Short text fragments from websites
= = =

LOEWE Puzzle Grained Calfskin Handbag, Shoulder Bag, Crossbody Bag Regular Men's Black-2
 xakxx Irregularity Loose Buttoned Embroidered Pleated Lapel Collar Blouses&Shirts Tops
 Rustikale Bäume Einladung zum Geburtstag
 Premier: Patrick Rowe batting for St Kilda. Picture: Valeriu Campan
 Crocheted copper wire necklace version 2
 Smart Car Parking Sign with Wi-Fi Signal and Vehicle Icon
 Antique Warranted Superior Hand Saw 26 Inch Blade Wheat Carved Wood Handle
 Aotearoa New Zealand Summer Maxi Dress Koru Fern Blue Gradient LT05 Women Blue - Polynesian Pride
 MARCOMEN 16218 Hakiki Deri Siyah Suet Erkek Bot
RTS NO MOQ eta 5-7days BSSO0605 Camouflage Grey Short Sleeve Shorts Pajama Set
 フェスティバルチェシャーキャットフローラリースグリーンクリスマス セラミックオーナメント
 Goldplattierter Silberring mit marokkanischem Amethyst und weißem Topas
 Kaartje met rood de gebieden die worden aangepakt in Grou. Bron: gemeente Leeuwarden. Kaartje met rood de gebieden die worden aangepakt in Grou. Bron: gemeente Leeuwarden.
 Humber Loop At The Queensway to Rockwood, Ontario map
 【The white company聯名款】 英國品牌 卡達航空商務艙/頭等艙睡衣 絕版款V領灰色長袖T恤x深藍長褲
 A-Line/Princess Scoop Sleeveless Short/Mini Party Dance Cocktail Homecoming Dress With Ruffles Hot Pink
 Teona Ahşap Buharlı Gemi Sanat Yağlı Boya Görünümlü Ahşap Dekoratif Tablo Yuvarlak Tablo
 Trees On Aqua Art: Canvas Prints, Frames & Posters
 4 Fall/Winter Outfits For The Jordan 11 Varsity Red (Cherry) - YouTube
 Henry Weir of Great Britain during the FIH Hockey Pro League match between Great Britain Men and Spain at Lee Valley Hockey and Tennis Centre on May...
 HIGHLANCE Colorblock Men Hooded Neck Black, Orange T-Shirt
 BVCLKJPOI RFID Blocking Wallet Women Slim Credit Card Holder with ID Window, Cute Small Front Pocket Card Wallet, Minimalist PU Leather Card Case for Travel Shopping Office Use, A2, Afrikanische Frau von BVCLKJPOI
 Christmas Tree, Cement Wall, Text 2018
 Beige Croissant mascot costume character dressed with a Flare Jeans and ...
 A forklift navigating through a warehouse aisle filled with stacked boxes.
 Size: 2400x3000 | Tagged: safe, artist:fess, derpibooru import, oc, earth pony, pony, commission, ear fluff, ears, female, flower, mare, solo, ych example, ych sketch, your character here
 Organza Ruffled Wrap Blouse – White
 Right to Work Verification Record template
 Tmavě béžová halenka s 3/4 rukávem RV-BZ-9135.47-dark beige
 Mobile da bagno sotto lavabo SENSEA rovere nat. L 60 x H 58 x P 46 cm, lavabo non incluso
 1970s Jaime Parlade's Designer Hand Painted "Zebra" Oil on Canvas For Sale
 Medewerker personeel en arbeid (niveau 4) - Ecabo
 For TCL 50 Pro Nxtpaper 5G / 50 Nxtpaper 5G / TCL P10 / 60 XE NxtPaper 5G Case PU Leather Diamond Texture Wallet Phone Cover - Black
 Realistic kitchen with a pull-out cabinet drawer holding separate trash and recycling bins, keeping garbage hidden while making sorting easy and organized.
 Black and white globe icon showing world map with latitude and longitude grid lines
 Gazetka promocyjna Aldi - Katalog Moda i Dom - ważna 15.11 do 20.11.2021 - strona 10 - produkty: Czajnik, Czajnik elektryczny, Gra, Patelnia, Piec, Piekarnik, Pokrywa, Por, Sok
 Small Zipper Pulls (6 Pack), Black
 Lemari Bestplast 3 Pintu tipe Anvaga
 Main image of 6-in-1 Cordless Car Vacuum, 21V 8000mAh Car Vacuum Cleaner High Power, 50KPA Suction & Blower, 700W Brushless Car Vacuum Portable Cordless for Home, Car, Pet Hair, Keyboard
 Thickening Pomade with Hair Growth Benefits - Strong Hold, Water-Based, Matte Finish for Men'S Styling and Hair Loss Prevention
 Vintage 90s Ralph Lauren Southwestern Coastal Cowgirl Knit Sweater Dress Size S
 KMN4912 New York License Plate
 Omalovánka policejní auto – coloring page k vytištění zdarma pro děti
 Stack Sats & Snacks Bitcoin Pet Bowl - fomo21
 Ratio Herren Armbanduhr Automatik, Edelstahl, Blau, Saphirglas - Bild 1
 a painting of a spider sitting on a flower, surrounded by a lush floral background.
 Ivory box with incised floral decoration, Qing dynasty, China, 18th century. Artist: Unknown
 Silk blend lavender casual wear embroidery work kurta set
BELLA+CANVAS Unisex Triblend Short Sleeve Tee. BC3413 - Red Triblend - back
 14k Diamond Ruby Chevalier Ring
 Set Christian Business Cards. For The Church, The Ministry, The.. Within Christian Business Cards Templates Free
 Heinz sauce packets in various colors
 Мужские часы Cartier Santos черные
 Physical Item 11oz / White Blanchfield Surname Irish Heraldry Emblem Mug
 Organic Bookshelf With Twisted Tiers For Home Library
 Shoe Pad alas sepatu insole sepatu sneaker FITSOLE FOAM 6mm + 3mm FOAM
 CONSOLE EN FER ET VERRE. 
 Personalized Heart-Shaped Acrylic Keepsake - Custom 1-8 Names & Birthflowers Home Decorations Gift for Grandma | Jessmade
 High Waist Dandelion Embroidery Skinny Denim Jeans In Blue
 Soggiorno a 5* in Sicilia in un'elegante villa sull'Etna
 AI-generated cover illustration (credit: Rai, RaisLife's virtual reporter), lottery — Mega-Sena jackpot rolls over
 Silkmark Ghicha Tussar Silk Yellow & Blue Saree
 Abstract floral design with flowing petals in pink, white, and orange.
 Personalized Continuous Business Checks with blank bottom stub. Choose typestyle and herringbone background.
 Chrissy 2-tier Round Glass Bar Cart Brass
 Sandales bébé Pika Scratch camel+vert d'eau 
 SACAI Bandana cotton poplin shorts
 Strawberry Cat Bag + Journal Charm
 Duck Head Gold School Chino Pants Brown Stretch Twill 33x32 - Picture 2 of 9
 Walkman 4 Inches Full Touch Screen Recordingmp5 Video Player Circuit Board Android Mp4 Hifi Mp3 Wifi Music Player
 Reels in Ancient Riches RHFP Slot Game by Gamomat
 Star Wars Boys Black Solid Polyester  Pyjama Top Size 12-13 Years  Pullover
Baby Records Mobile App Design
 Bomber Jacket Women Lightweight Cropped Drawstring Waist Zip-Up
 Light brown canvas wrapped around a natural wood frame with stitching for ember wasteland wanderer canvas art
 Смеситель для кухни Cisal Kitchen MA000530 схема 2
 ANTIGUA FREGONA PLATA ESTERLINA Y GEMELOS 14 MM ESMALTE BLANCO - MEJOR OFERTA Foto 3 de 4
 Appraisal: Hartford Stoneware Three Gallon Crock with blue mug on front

= = =

* **TASK PROMPT**
In the entries above, restate word for word the lines between the one holding "xakxx Irregularity Loose" and the one holding "英國品牌 卡達航空商務艙/頭等艙睡衣 絕版款V領灰色長袖T恤x深藍長褲", inclusive, and nothing besides.

* **EXERCISE ANSWER**
 xakxx Irregularity Loose Buttoned Embroidered Pleated Lapel Collar Blouses&Shirts Tops
 Rustikale Bäume Einladung zum Geburtstag
 Premier: Patrick Rowe batting for St Kilda. Picture: Valeriu Campan
 Crocheted copper wire necklace version 2
 Smart Car Parking Sign with Wi-Fi Signal and Vehicle Icon
 Antique Warranted Superior Hand Saw 26 Inch Blade Wheat Carved Wood Handle
 Aotearoa New Zealand Summer Maxi Dress Koru Fern Blue Gradient LT05 Women Blue - Polynesian Pride
 MARCOMEN 16218 Hakiki Deri Siyah Suet Erkek Bot
RTS NO MOQ eta 5-7days BSSO0605 Camouflage Grey Short Sleeve Shorts Pajama Set
 フェスティバルチェシャーキャットフローラリースグリーンクリスマス セラミックオーナメント
 Goldplattierter Silberring mit marokkanischem Amethyst und weißem Topas
 Kaartje met rood de gebieden die worden aangepakt in Grou. Bron: gemeente Leeuwarden. Kaartje met rood de gebieden die worden aangepakt in Grou. Bron: gemeente Leeuwarden.
 Humber Loop At The Queensway to Rockwood, Ontario map
 【The white company聯名款】 英國品牌 卡達航空商務艙/頭等艙睡衣 絕版款V領灰色長袖T恤x深藍長褲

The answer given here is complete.